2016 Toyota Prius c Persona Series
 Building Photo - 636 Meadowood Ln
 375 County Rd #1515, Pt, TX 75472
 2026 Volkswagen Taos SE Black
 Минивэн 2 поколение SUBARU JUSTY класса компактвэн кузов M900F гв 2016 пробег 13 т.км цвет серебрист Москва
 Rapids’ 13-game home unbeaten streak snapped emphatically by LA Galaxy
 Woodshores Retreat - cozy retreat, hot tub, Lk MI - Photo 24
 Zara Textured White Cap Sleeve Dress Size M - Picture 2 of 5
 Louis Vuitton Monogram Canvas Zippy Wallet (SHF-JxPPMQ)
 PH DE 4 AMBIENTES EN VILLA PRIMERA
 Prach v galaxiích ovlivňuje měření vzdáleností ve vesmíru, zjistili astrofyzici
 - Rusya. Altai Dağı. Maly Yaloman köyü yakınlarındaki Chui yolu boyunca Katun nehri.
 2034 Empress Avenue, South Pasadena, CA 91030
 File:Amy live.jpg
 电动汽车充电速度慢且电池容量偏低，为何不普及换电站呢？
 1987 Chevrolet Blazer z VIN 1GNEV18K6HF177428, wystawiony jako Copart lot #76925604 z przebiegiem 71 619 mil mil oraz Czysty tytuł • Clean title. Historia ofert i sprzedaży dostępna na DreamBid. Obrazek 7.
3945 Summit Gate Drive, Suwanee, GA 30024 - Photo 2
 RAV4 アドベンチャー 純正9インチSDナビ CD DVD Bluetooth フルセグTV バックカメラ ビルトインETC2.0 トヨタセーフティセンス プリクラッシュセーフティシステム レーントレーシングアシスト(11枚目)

::::

### EXERCISE
Keep only the lines from the one containing "1987 Chevrolet Blazer" to the end of the entries, and repeat them exactly.

### TASK RESPONSE
 1987 Chevrolet Blazer z VIN 1GNEV18K6HF177428, wystawiony jako Copart lot #76925604 z przebiegiem 71 619 mil mil oraz Czysty tytuł • Clean title. Historia ofert i sprzedaży dostępna na DreamBid. Obrazek 7.
3945 Summit Gate Drive, Suwanee, GA 30024 - Photo 2
 RAV4 アドベンチャー 純正9インチSDナビ CD DVD Bluetooth フルセグTV バックカメラ ビルトインETC2.0 トヨタセーフティセンス プリクラッシュセーフティシステム レーントレーシングアシスト(11枚目)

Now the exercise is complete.